▸ Problem to work on
Print all of the entries exactly, minus the pictures.

▸ Provided records
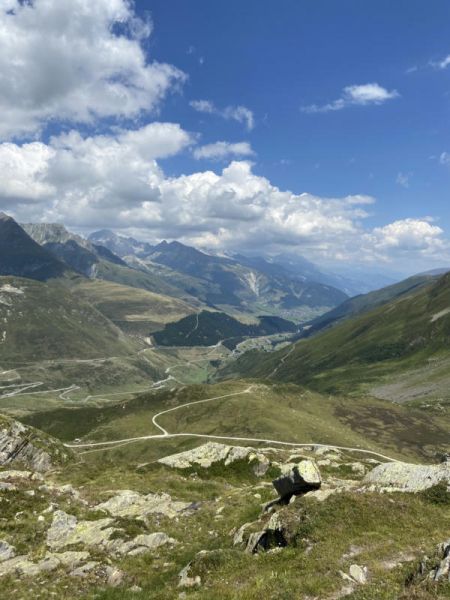 Clicca per vedere l'immagine alla massima grandezza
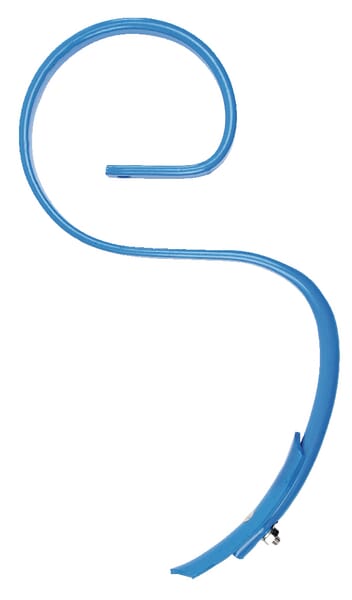 Federzinken Marathon m. Schar  3538725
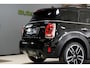 MINI Countryman Mini 2.0 Cooper S Chili Automaat/Panodak/leder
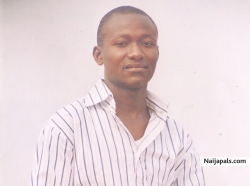 OLUWASEUN IDOWU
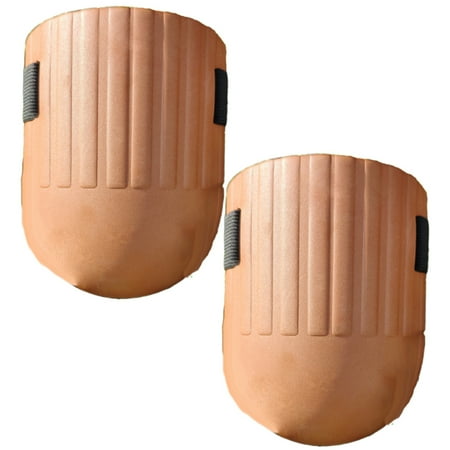 Grandest Birch EVA Foam Garden Kneeling Pad Thick Non-slip Cement Workers Protective Cover Thicken Non-slip Solid Color Garden Kne
Grandest Birch EVA Foam Garden Kneeling Pad Thick Non-slip Cement Workers Protective Cover Thicken Non-slip Solid Color Garden Kne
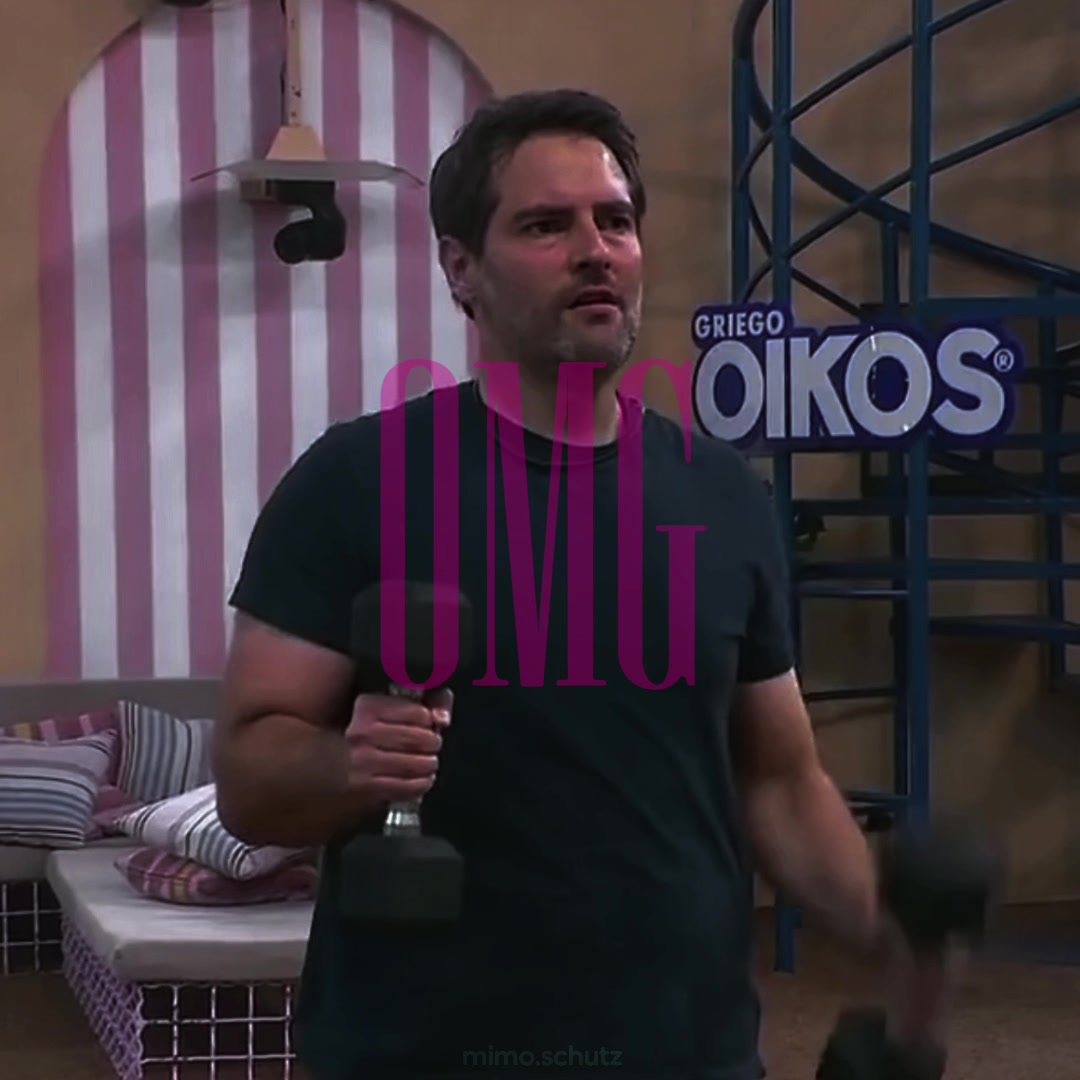 @MIMO SCHUTZ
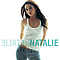 Natalie (Ft. Justin Roman) - Natalie album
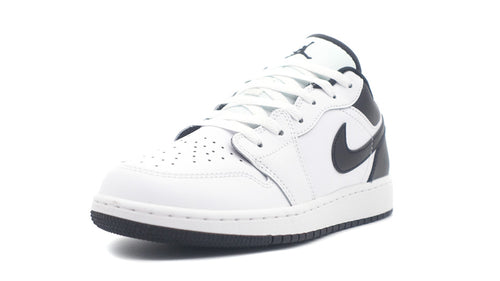JORDAN BRAND AIR JORDAN 1 LOW GS 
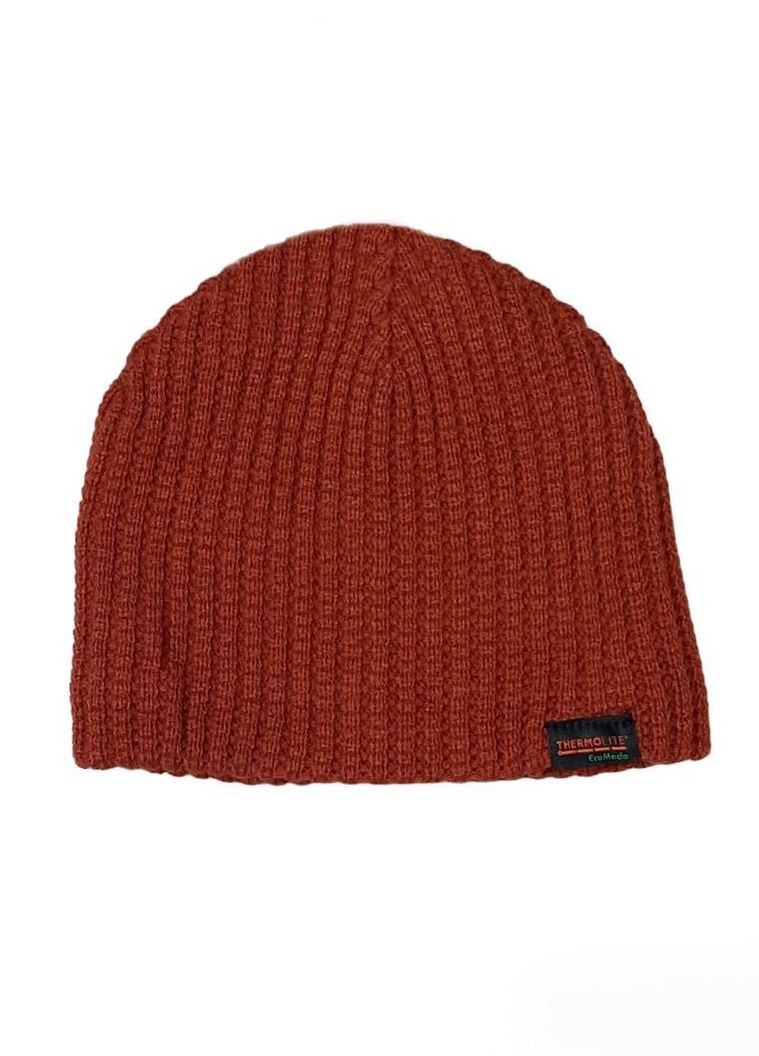 Термошапка C&A (266990182)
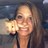 Profile Picture of Carlie Pastore (@@CarlieSimone) on Twitter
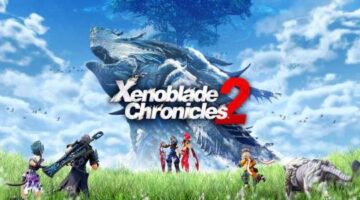 Media Create Sales (11/27/17 – 12/3/17)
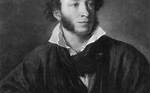 Andre Pushkin Net Worth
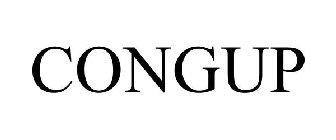 CONGUP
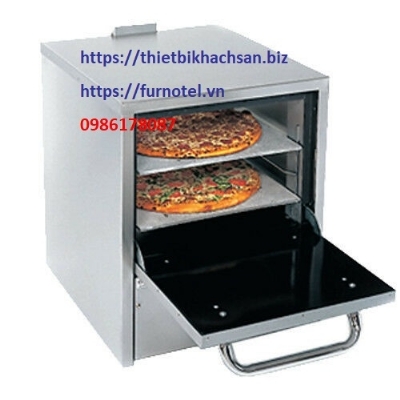 Pizza oven P019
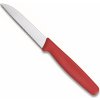 Kuchyňský nůž Victorinox 6.7606.L115 8 cm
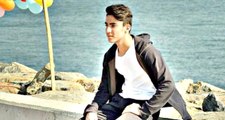 Kocaeli Birlikspor Futbolcusu Harun Ezer, Trafik Kazasında Hayatını Kaybetti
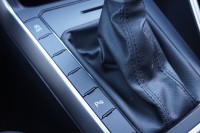 VW Taigo 1.0 TSI DSG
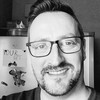 Professeur en Français c58fdf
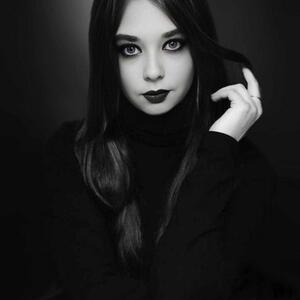 Hellanaa666 MYM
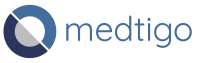 Medtigo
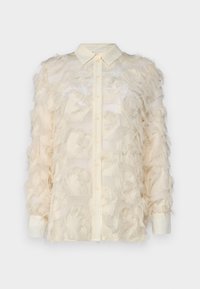 DOUGLAS - Blusa - vaniglia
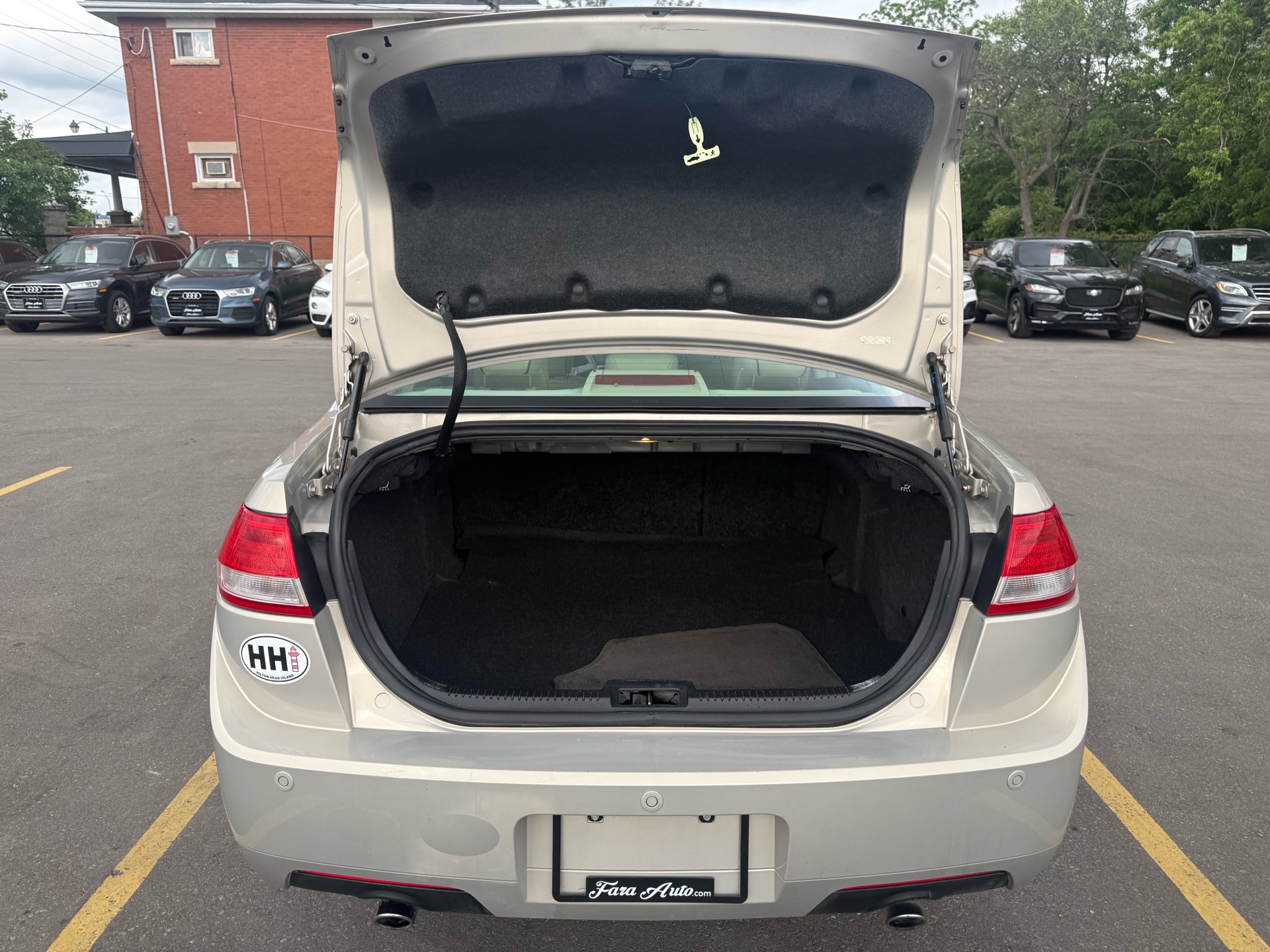 /carage/2010-Lincoln-MKZ-07320987911992827.jpg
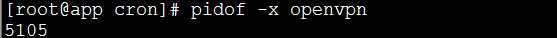 DSC0000.png
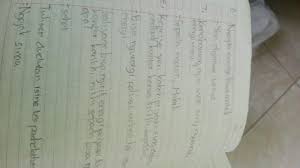 Check spelling or type a new query. Kunci Jawaban Tantri Basa Jawa Kelas 4 Halaman 71 Kunci Jawaban Tantri Basa Kelas 4 Guru Galeri Kunci Jawaban Tema 3 Kelas 6 Halaman 74 News Marwah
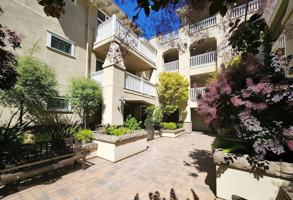 featured image of 315 Homer Ave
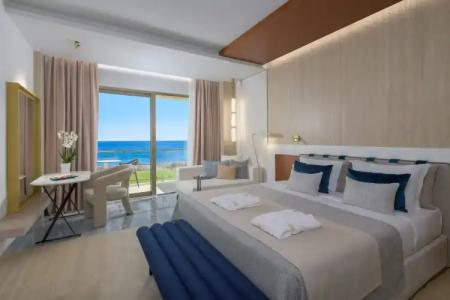 Elysium Resort & Spa - 168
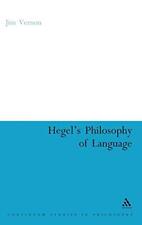 Hegel's Philosophy of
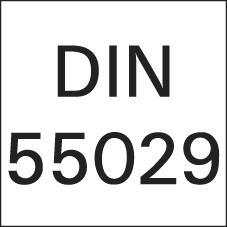 pre408449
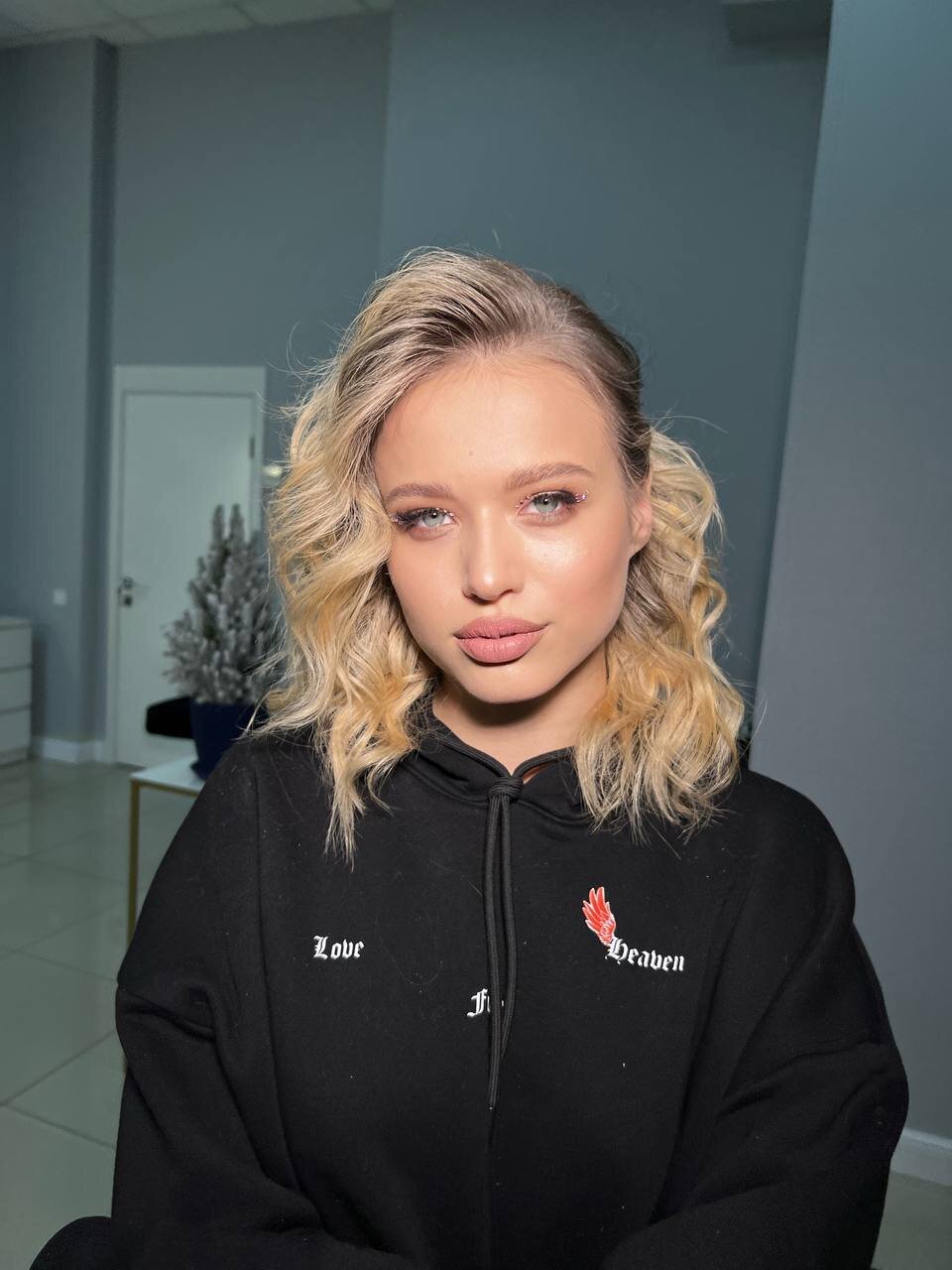 AliceShinee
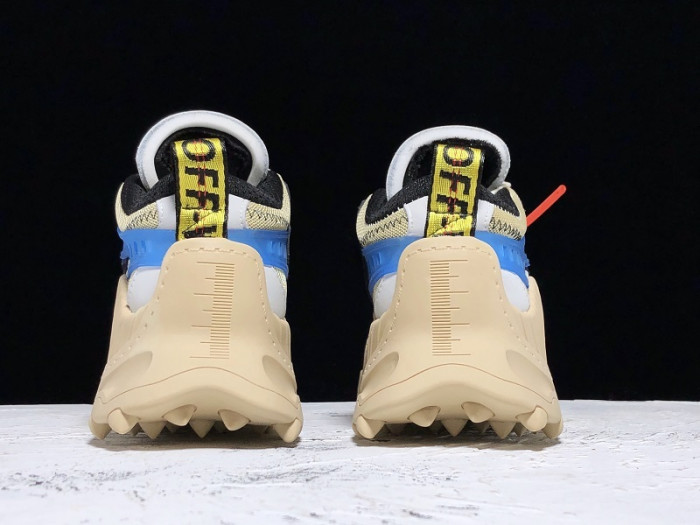 OW C/O ODSY-1000 SNEAKER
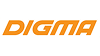 Бренд Digma
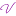vitoliften.ru favicon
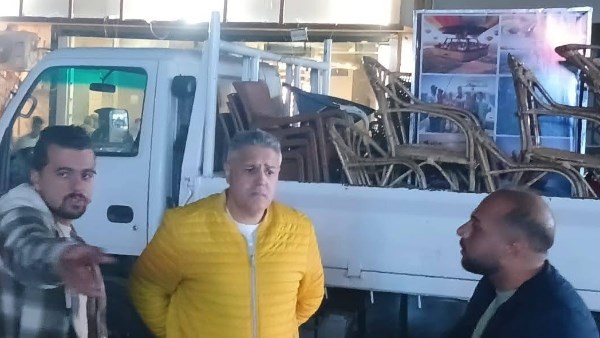 صورة موضوعية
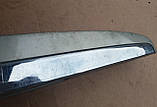 Накладка кришки багажника Lexus RX 2003-2009 7680148040 7680148050, фото 3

▸ Solution to this exercise
 Clicca per vedere l'immagine alla massima grandezza
 Federzinken Marathon m. Schar  3538725
 MINI Countryman Mini 2.0 Cooper S Chili Automaat/Panodak/leder
 OLUWASEUN IDOWU
 Grandest Birch EVA Foam Garden Kneeling Pad Thick Non-slip Cement Workers Protective Cover Thicken Non-slip Solid Color Garden Kne
Grandest Birch EVA Foam Garden Kneeling Pad Thick Non-slip Cement Workers Protective Cover Thicken Non-slip Solid Color Garden Kne
 @MIMO SCHUTZ
 Natalie (Ft. Justin Roman) - Natalie album
JORDAN BRAND AIR JORDAN 1 LOW GS 
 Термошапка C&A (266990182)
 Profile Picture of Carlie Pastore (@@CarlieSimone) on Twitter
 Media Create Sales (11/27/17 – 12/3/17)
 Andre Pushkin Net Worth
 CONGUP
 Pizza oven P019
 Kuchyňský nůž Victorinox 6.7606.L115 8 cm
 Kocaeli Birlikspor Futbolcusu Harun Ezer, Trafik Kazasında Hayatını Kaybetti
 VW Taigo 1.0 TSI DSG
 Professeur en Français c58fdf
 Hellanaa666 MYM
 Medtigo
 DOUGLAS - Blusa - vaniglia
 /carage/2010-Lincoln-MKZ-07320987911992827.jpg
 DSC0000.png
 Check spelling or type a new query. Kunci Jawaban Tantri Basa Jawa Kelas 4 Halaman 71 Kunci Jawaban Tantri Basa Kelas 4 Guru Galeri Kunci Jawaban Tema 3 Kelas 6 Halaman 74 News Marwah
 featured image of 315 Homer Ave
 Elysium Resort & Spa - 168
 Hegel's Philosophy of
 pre408449
 AliceShinee
 OW C/O ODSY-1000 SNEAKER
 Бренд Digma
vitoliften.ru favicon
 صورة موضوعية
 Накладка кришки багажника Lexus RX 2003-2009 7680148040 7680148050, фото 3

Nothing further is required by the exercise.